Lettre thématique de l’Observatoire national des violences faites aux femmes sur le système prostitutionnel
Cette lettre thématique sur le système prostitutionnel en France de l’Observatoire national des violences faites aux femmes publiée à l’occasion de l’anniversaire de la loi de 2016 et qu’Aurore Bergé a inscrite comme mesure de la Stratégie nationale de lutte contre le système prostitutionnel, s’efforce de mettre la lumière sur une réalité complexe, encore mal connue et donc mal mesurée. L’ambition pourtant est de documenter, chaque année un peu plus précisément, l’ampleur et les facettes de ce phénomène qui conduit des femmes, des jeunes filles, des enfants, à être victimes de prostitution et d’exploitation de leur corps, par des hommes la plupart du temps.

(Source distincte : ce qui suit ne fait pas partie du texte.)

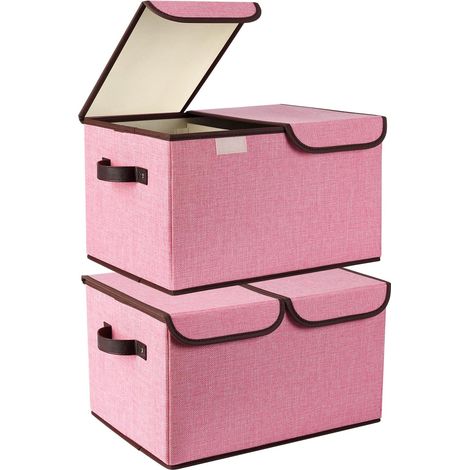 Boite Rangement Tissu 30L 2 Pièces, Boite Rangement Vetement avec 2 Couvertures, Pliable avec Cloison Amovible Rose Pour les Vêtements, Jouets, Livres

Si la vague #Metoo continue de déferler, contribue à libérer la parole et briser peu à peu l’omerta sur les violences sexistes et sexuelles subies par les femmes et les enfants, force est de constater que la violence prostitutionnelle en demeure la grande absente ce qui illustre encore le déni de la société. Les victimes sont encore largement invisibilisées, passant sous les radars des forces de sécurité et des pouvoirs publics en général. Les auteurs de ces violences, qu’ils soient clients prostitueurs ou proxénètes, profitent d’un système qui sert leur impunité et donc leur commerce lucratif.

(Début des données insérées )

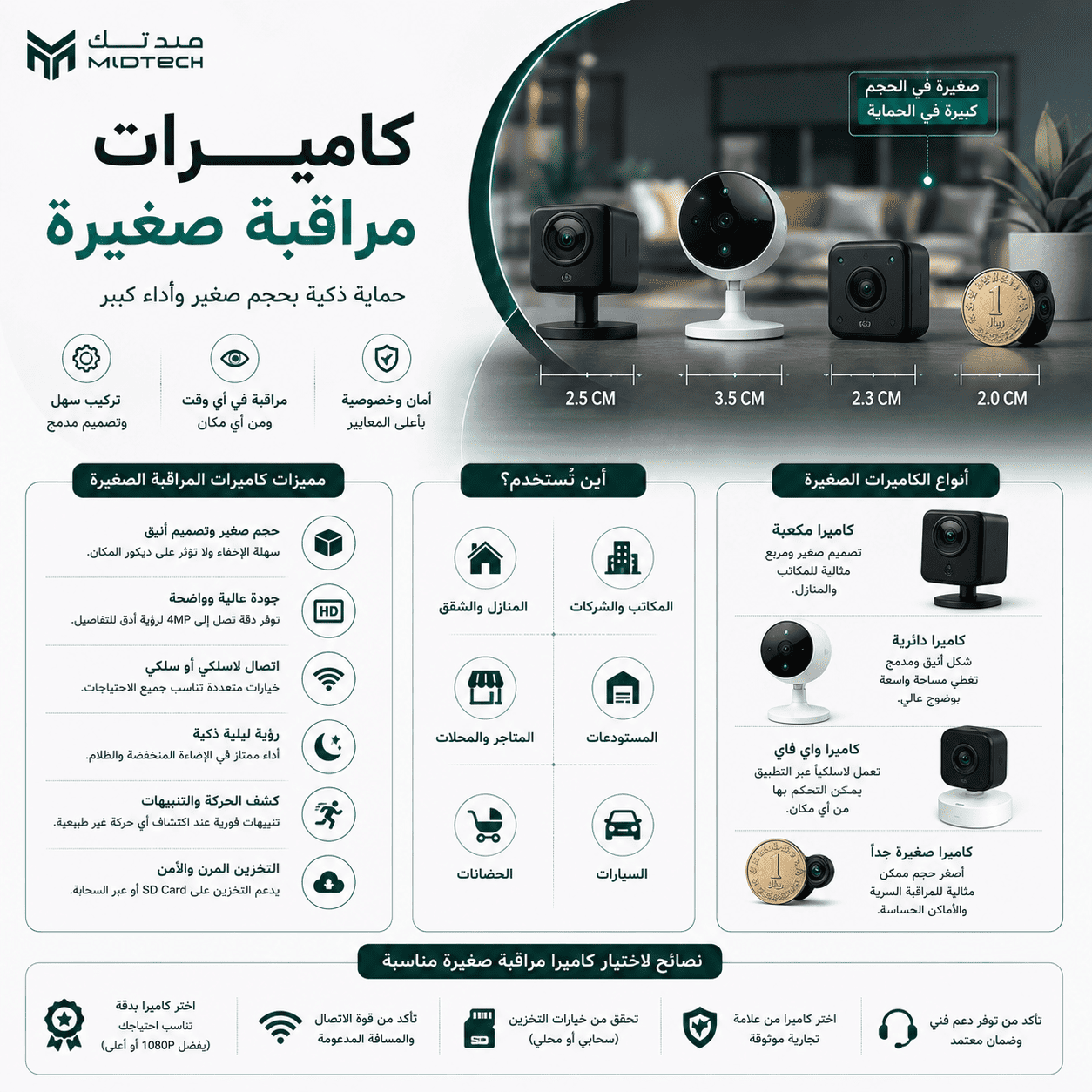 كاميرات مراقبة صغيرة: حل عملي للمساحات التي تحتاج إلى مراقبة دقيقة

Toutefois, depuis quelques années, une évolution a été amorcée grâce au travail des associations qui repèrent et accompagnent les victimes, des médias qui éveillent les consciences, de certains professionnel·le·s de la protection de l’enfance, de l’éducation nationale, des unités spécialisées au sein de la police, de la gendarmerie ou des tribunaux (nous citerons plus loin le travail remarquable de la DIFAJE au parquet de Bobigny) qui s’efforcent de poursuivre les auteurs, protéger et mettre à l’abri les victimes. Faire appliquer la loi, donc.
Au regard du faible nombre de victimes enregistrées, de clients verbalisés et d’auteurs poursuivis, le décalage semble grand avec les réalités et notre perception du phénomène. Il faut néanmoins noter que le nombre de mis en cause dans des affaires de proxénétisme traitées par les parquets augmente chaque année de 12 % en moyenne depuis 2017. Le nombre de victimes mineures de proxénétisme enregistrées a, lui, augmenté de 14 % depuis 2021 et l’augmentation est de 107 % pour le nombre de mineur·e·s victimes d’un achat d’actes sexuels. Ces hausses traduisent les stratégies des proxénètes qui exploitent des vulnérabilités multiples et recourent souvent à l’utilisation de stupéfiants pour asseoir leur emprise.

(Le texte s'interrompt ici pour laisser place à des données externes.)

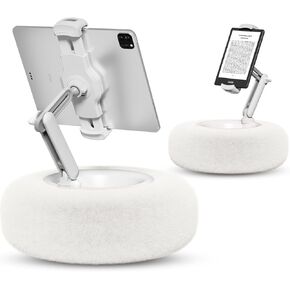 Viozon Tablet Stand Pillow, Compatible with 4.7"-13" Phone/Tablet, iPad, iPhone, Samsung, Google, Kindle, 360°Adjustable Phone Holder for Bed with Soft Plush Fabric, and Detachable Bowl, White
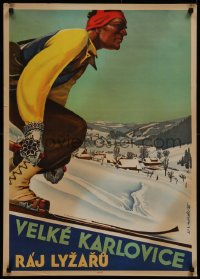 6s0163 VELKE KARLOVICE 24x33 Czech travel poster 1950s skier on a slope in Skiers Paradise!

Pilier du patriarcat, les violences prostitutionnelles touchent quasiment exclusivement les filles et les femmes : plus de 9 victimes sur 10 de proxénétisme ou de recours à la prostitution sont des femmes. Les clients de prestations sexuelles tarifées ne cherchent pas à assouvir de prétendues pulsions mais uniquement à dominer l’autre, à en faire leur esclave et leur propriété. Ne pas condamner la réification des enfants et des femmes dans la prostitution – ou la pornographie – c’est se rendre complice de la violation de leurs droits fondamentaux.
Face à des faits gravissimes, l’action publique doit encore progresser :
- Grâce à la formation des professionnel·le·s et la prévention au risque prostitutionnel, dès la 4ème, dans le cadre de l’EVARS ;
- En accompagnant mieux l’accès aux parcours de sortie de la prostitution et la sécurisation de l’insertion sociale et professionnelle des femmes à l’issue de ce parcours ;
- En garantissant une mise à l’abri des victimes dans les places d’hébergement d’urgence dédiées aux femmes victimes de violences, grâce à la circulaire attendue de la Dihal prévue par le 3e plan national de lutte contre la traite et par la Stratégie de lutte contre le système prostitutionnel ;
- Enfin, grâce à la mise en place de stratégies départementales pluriannuelles ambitieuses sous l’autorité des préfet·e·s, pour coordonner et animer l’action des institutions et associations et lutter plus efficacement contre le système prostitutionnel et l’exploitation sexuelle des mineur·e·s.
La Miprof est résolument engagée dans ces combats.